Web Scraping in Academic Research: Public Is Not the Same as Collectable

That a datum is visible on an open page is a statement about access, not about permission and still less about ethics. Web scraping in academic research lives in exactly that confusion: the ease of automatically collecting millions of public records makes the technically accessible look freely usable. It is not. The line between public data and ethically collectable data is drawn by consent, terms of use, and risk of harm, and none of those limits appears in the code that downloads the page. A reviewer who receives a study built on scraping asks, before any result, how the data were obtained and why that was judged legitimate.
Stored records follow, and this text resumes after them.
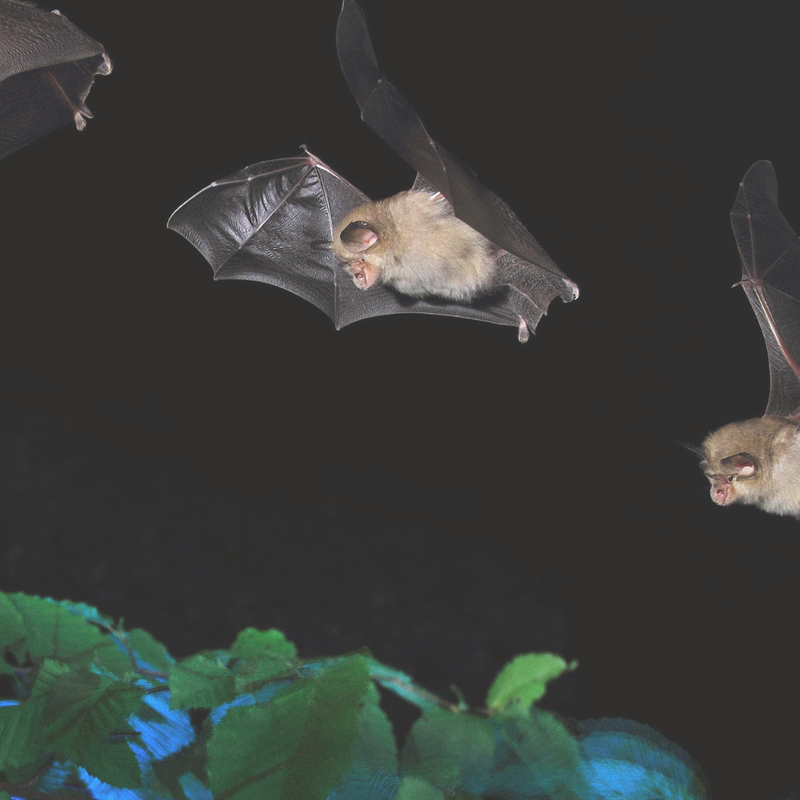 Notte internazionale dei pipistrelli al Castello di Rihemberk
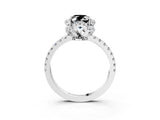 White gold Fancy Black Oval Cut Diamond Halo Pave Band with Four-Prong Setting_6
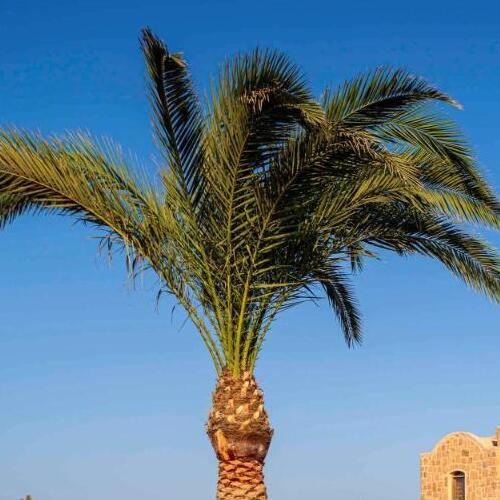 A single palm tree against a clear blue sky.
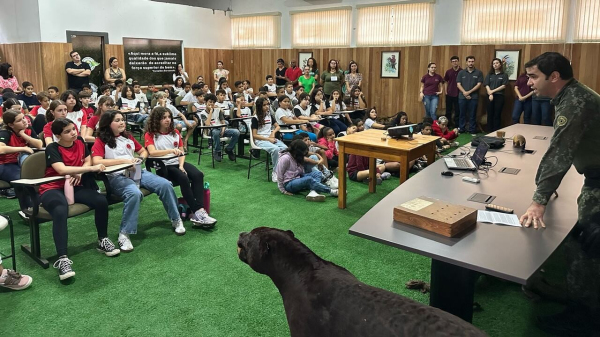 (Cedida/PM Ambiental).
The first limit technical accessibility ignores is contractual. Fiesler and colleagues (2020)² analyzed the terms of service of more than a hundred social platforms and found prohibitions on automated collection that are common but ambiguous, inconsistent, and context-poor. The fact that a page loads in a browser does not mean the site authorizes a robot to traverse it, and a terms-of-use violation has been enough to trigger litigation. The second limit is the expectation of privacy. Someone posting in a forum about a health condition writes for a specific community, not for an indexed research corpus archived indefinitely. Treating that text as free data ignores the contextual integrity of the information. The third limit is harm: re-identification, exposure, and the circulation of attributable quotations from people who never knew they were in a study.

These limits are known but poorly observed, and that has been measured. Taylor and Pagliari (2018)⁴ reviewed 156 health studies using social media data and found that only 50 mentioned any ethical consideration, usually only to state that approval had been obtained or waived. The problem is therefore neither theoretical nor rare: it is the standard practice of treating public data as tacit permission. Takats and colleagues (2022)¹ quantified that habit in a systematic review of 367 studies that used publicly available Twitter data.

Ethics safeguards reported across 367 studies using public Twitter data, from the Takats and colleagues (2022) review. Just over a third anonymized, sought ethics approval, or discussed the topic; informed consent of the account holder was attempted in zero studies.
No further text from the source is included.